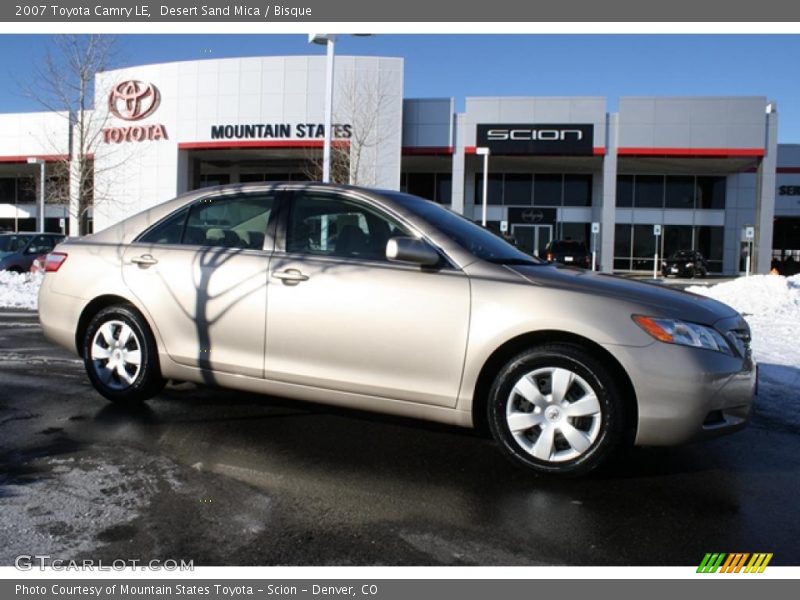 Desert Sand Mica / Bisque 2007 Toyota Camry LE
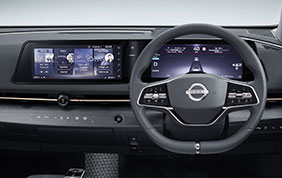 Nissan Ariya: avanzati sistemi di connettività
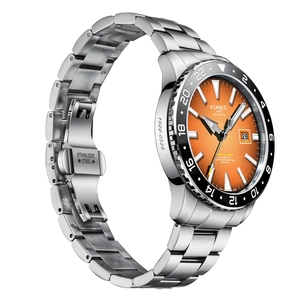 Reloj Mecánico Automático de Lujo para Hombre con Logotipo Personalizado, Movimiento SW200-1, Bisel de Cerámica, Relojes de Acero Inoxidable - Product Image 3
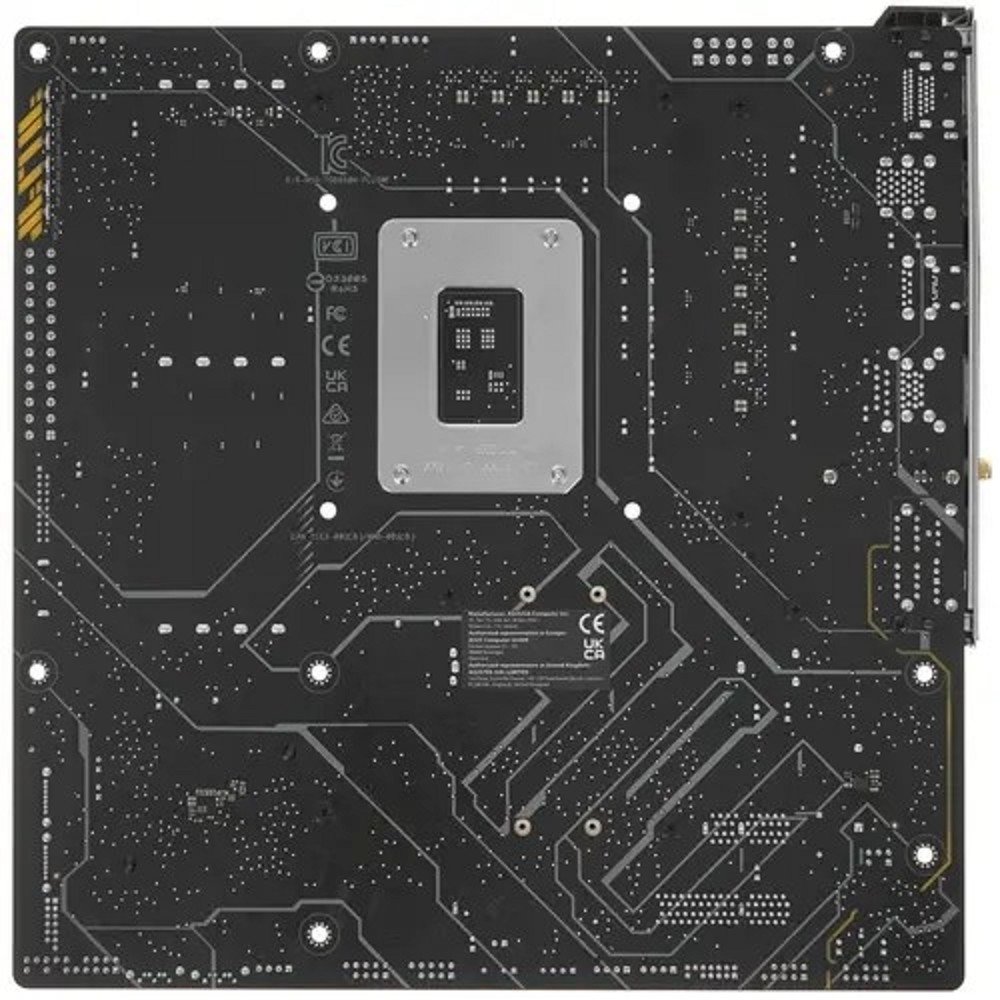 ASUS TUF GAMING B660M-PLUS WIFI (Socket 1700, mATX, 4xDDR5(128GB), DP/HDMI, 1xPCIe 5.0x16/1xPCIe 3.0x16/1xPCIe 4.0, 1xLAN (2.5GbE), 4xSATA 6Gb/s, 2xM.2, 1xType-C, 5xUSB 3.2, 2xUSB 2.0)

| Your instructions |
Needed here is a verbatim copy of the data from the first line through the line with "Reloj Mecánico Automático", without pictures.

| Worked solution |
 Desert Sand Mica / Bisque 2007 Toyota Camry LE
 Nissan Ariya: avanzati sistemi di connettività
 Reloj Mecánico Automático de Lujo para Hombre con Logotipo Personalizado, Movimiento SW200-1, Bisel de Cerámica, Relojes de Acero Inoxidable - Product Image 3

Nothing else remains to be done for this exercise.